Veolia Water Technologies settles in at Brucejack Mine
Each mine site Veolia works with poses its own challenges
Veolia Water Technologies was working with Pretivm Resources at its Brucejack project for two years before Pretivm officially chose Veolia as its permanent water treatment system supplier. The Brucejack Gold Mine is shifting from Veolia’s mobile treatment plant to the permanent wastewater treatment system. The permanent system “has been designed by Veolia for low-level metals precipitation and TSS (total suspended solids) removal utilizing our Actiflo and Discfilter technologies,” said David Oliphant, vice-president of business development—heavy industry at Veolia Water Technologies Canada.

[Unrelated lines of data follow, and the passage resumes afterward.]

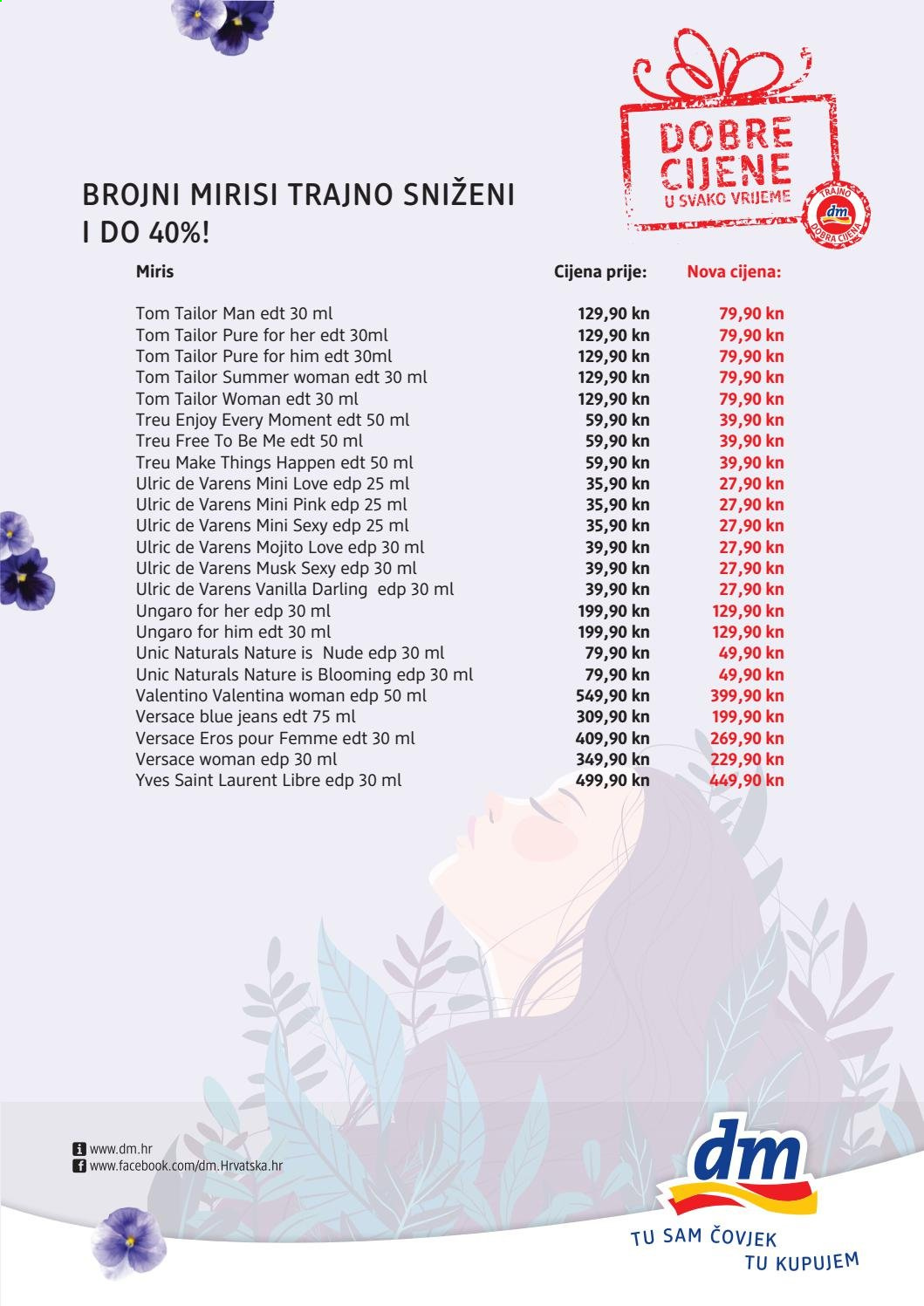 dm katalog Stranica 8
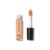 Medium Beige - medium with golden beige undertones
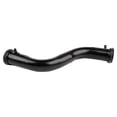 thumbnail image 1 of TUBO DE ENFRIAMIENTO FIT 2009 al 2013 HONDA L4 1.5L KEEP ON GREEN ., 1 of 3
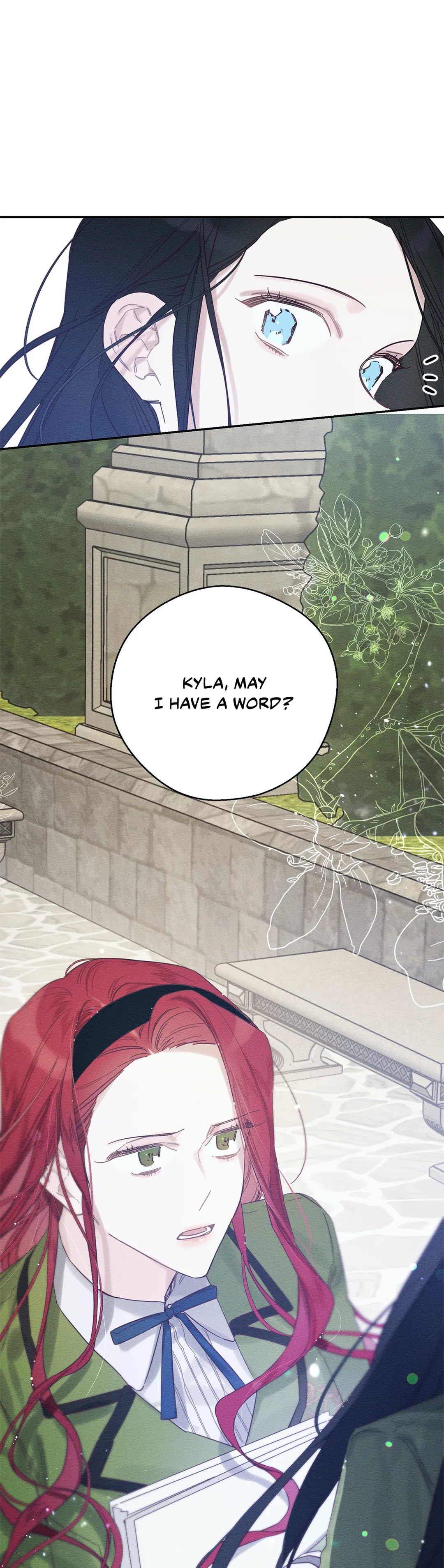 Page 27 of Chapter 34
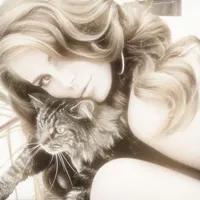 original sound - ultravoilenced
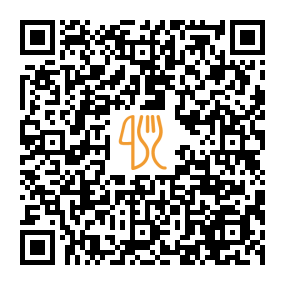 Enlace de código QR al menú de Mia Thai Cuisine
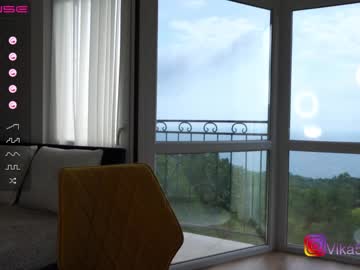 cam girl porn vika54784 image #4577058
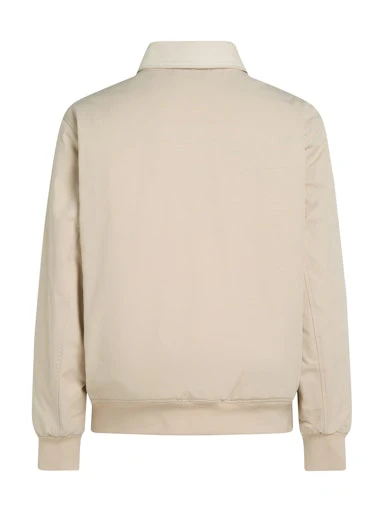 Jassen beige Tommy Hilfiger - Image 6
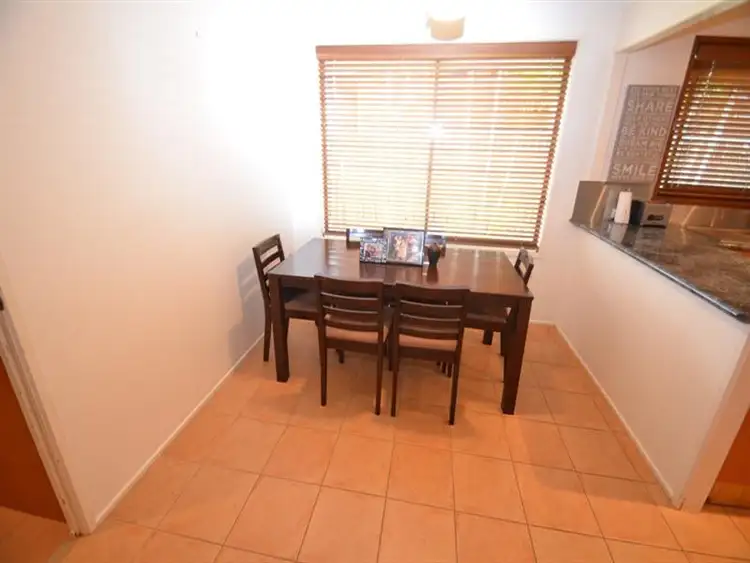 Sixth view of Homely house listing, 14 Yarran Drive, Ashmore QLD 4214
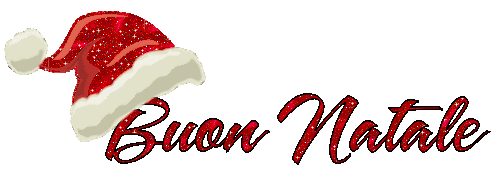 Buone feste! Destinazione Rinascita: dicembre 2013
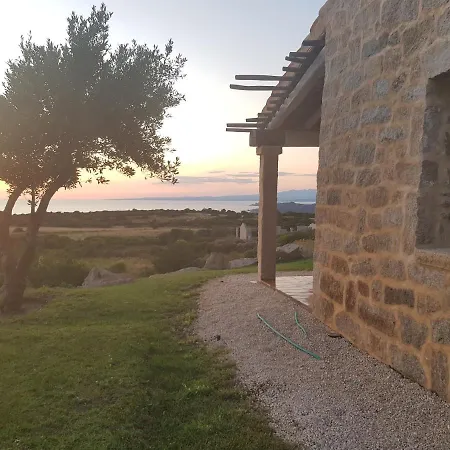 Stazzo Serafini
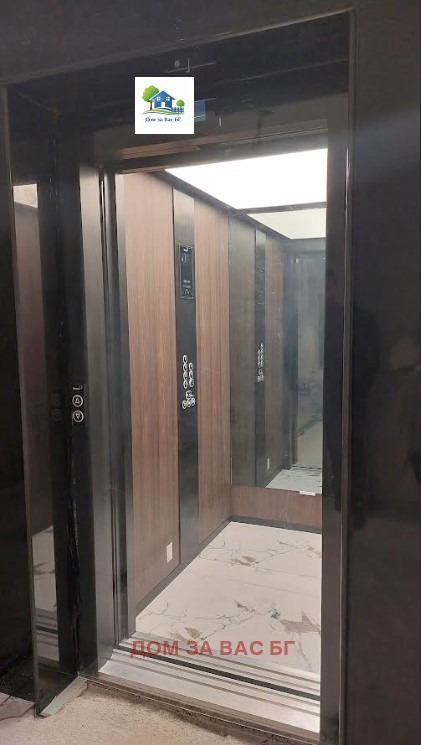 Продава 3-СТАЕН, гр. София, Малинова долина, снимка 12 - Апартаменти - 54228463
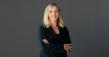 LYLAW: Experienced UAE Lawyers Based in Dubai
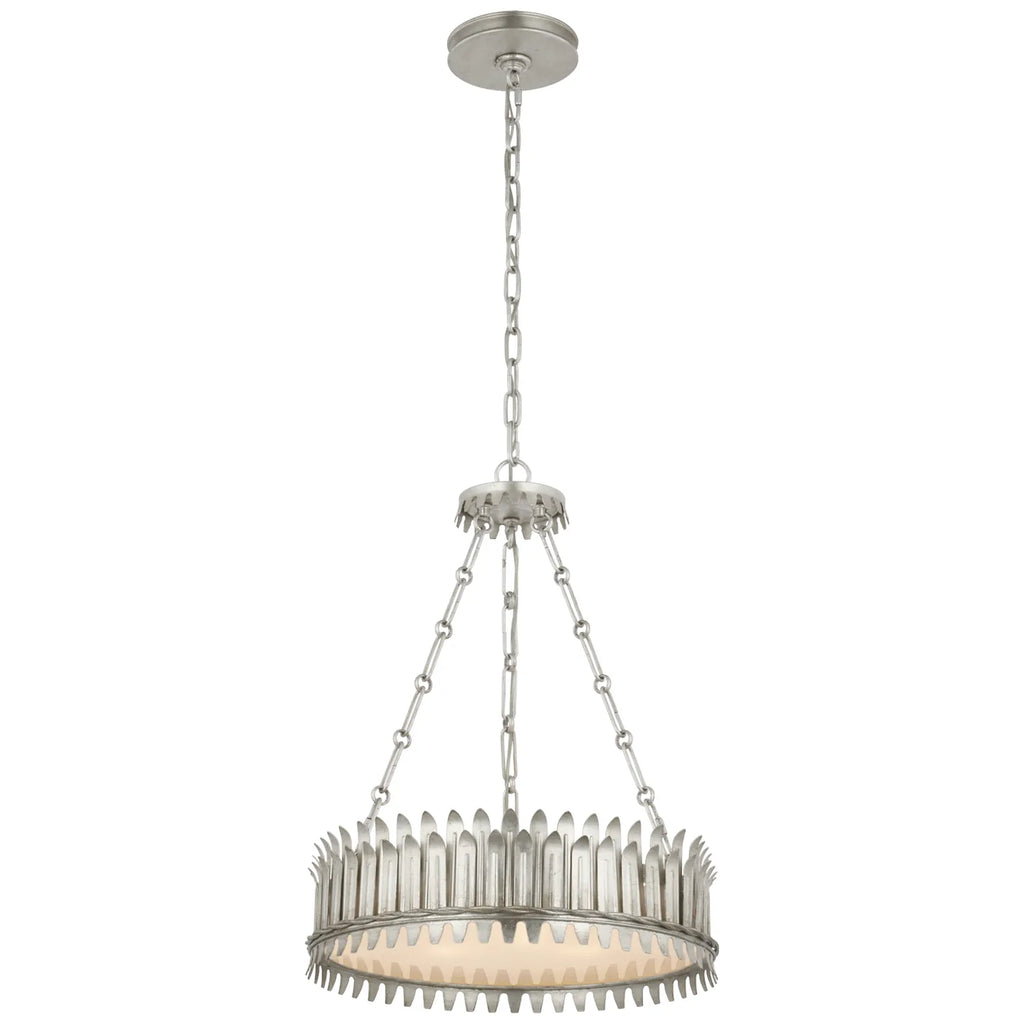 Leslie Chandelier - Light House Co.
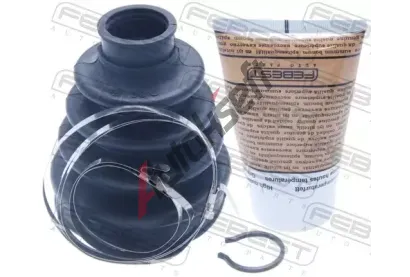 FEBEST Maneta hnacho hdele FBS 1015-CAP, 1015-CAP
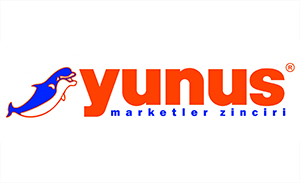 Yunus Marketler Zinciri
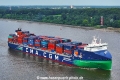 CMA CGM Rundale 230724-10.jpg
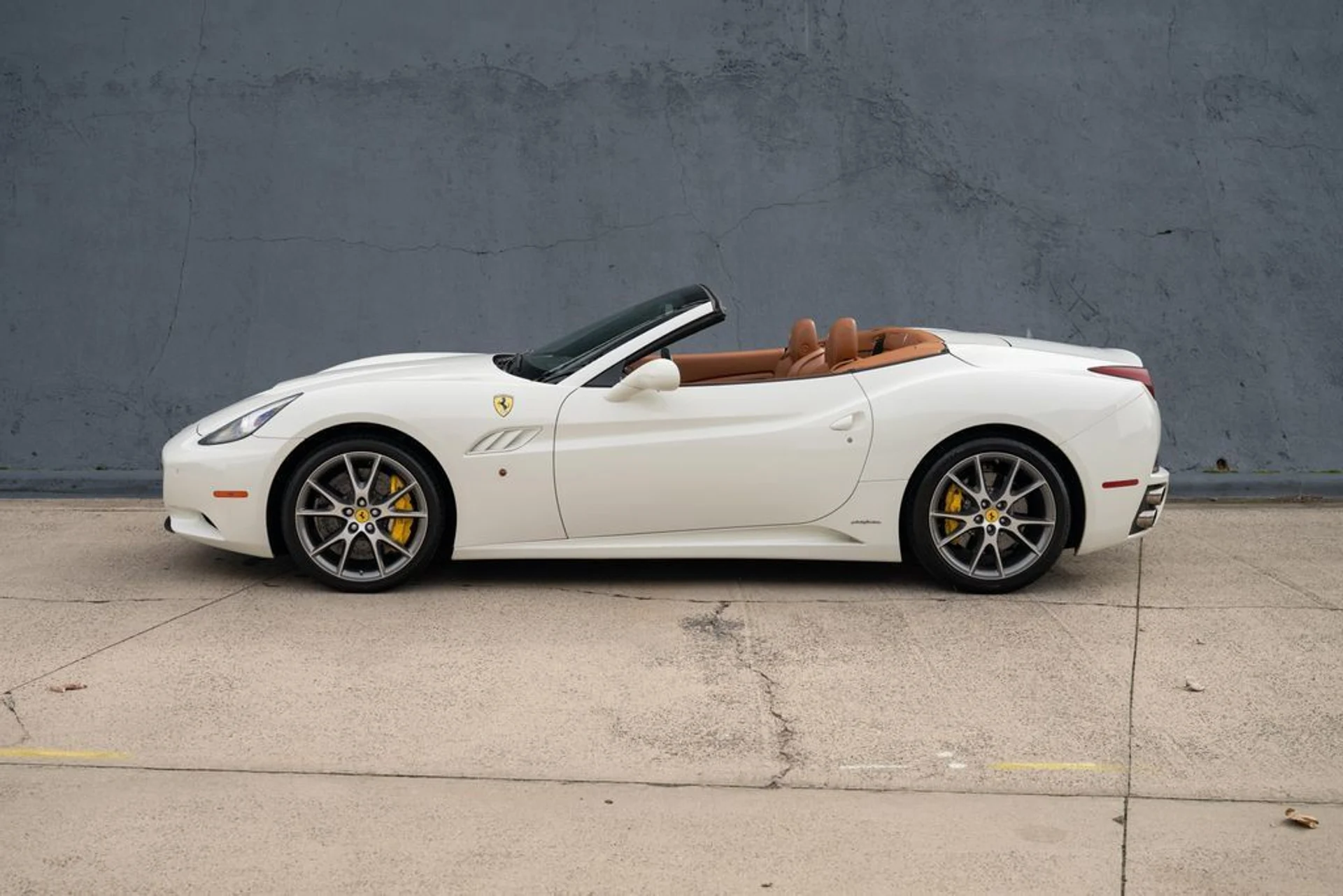 mph002_568637685_5d6123c91f504a689f54582d8f59088d_935cc13deb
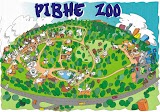 Рівненський зоологічний парк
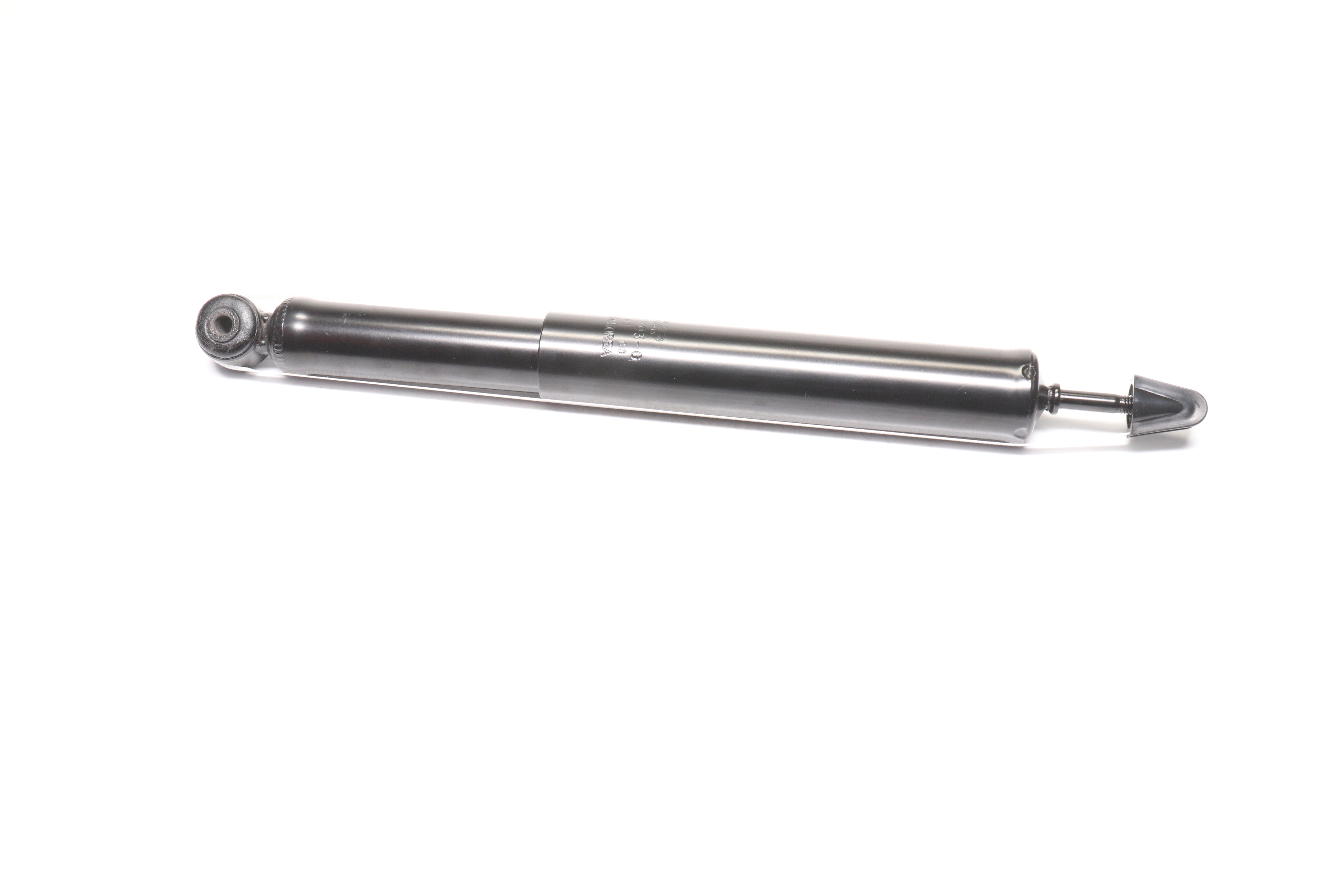 productPage.gallery.imageAlt 6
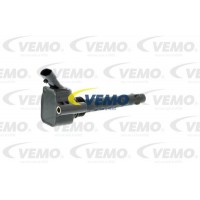 V24-70-0046 VEMO Котушка запалювання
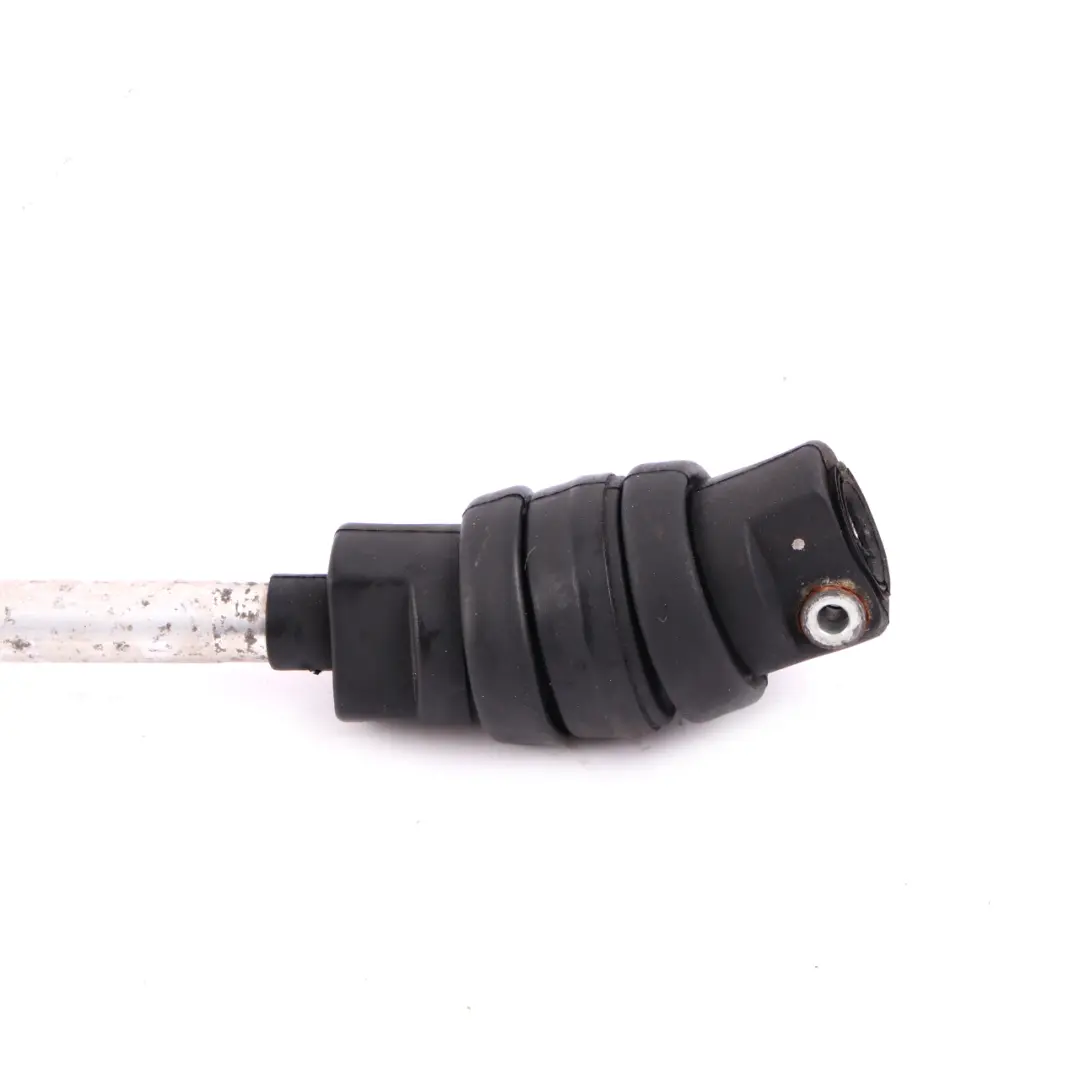  Mercedes-Benz A B Class W169 W245 Steering Column Control Shaft Rod - SKU rhd-A1694600309-2 - Part number A1694600309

The welcomed permanency comes after thorough testing completed by both Veolia and Pretivm. The extensive lab work was meant “to replicate the waste streams that they were going to need to treat at the mine site,” Oliphant said. “They were extremely aware of the environmental responsibilities that come with a new mine. They took it very seriously and with the amount of test work completed, it was evident that it was a top priority for Pretivm.”
The technology being used at Brucejack is high-rate clarification technology Veolia created over 25 years ago: Actiflo. “It is a proven technology that has been used by numerous mining companies across the globe,” said Oliphant. Its operating performance and minimal environmental footprint make Actiflo applications and adaptations successful in the mining sector. “The small footprint of our technology was a definite driver at Brucejack,” Oliphant said.
The permanent facility meets Brucejack’s strict environmental regulations and is designed to treat up to 10,000 cubic metres of effluent each day.
Veolia’s work at Brucejack is ongoing, despite securing its position to supply the permanent water treatment system. “We still have a small crew at the site,” Oliphant said. The team’s current on-site duties include some commissioning activities as the permanent facility nears completion. “Certainly, the big focus for Pretivm right now is getting its mill operational, but the water treatment plant will be operational shortly,” he said.
A personal investment in company clients
Oliphant has 25 years of experience working with water treatment. He first worked with a private water treatment company before joining Veolia Water Technologies in 2003. “I certainly grew to appreciate the business and what it was doing to meet future needs of municipalities and industries,” he said.
His current role is fast paced but rewarding. Between daily interactions with clients and working with his team of engineers and experts at Veolia, Oliphant remains motivated by and focused on the clients. “I look at ways to meet our client’s requirements with regards to the challenges of industrial water treatment, whether it’s mining, pulp and paper, or power,” he said. “The real joy of all that is coming up with unique technical solutions for our clients in both industrial and municipal applications.”
Water treatment technology in mining
Veolia values its clients’ safety and satisfaction. “When we are dealing with clients, it is all about transparency and integrity,” Oliphant said. “At the end of the day, it’s our goal to make sure we have a happy client and a client who has a system that does what we said it was going to do. We strive to be a trusted advisor for our clients.”
Each mine site Veolia works with poses its own challenges. “Within many mine water applications, there is a constant change in water quality,” said Oliphant. “You need to be able to design a plant and have the technology that can take variations in your influent feedwater criteria.”
In terms of the Actiflo technology now installed at the Brucejack Gold Mine, “Veolia worked at preparing many different treatment scenarios with regards to solids loading, metals loading, etcetera,” said Oliphant, “but also engineering a process that can take those variations and really give the client the confidence that they need when dealing with such strict environmental discharge requirements.”
In addition, there was the challenge of moving equipment across a 12-kilometre glacier at Brucejack. “They’ve done a fabulous job in developing strategies to get equipment to such a remote site,” Oliphant said.
Despite the challenges presented with Pretivm’s Brucejack project, Oliphant and his team at Veolia were able to spend a significant amount of time working with Pretivm “to develop a comprehensive treatment chain” that met the permitting, environmental and production requirements of its new treatment facility.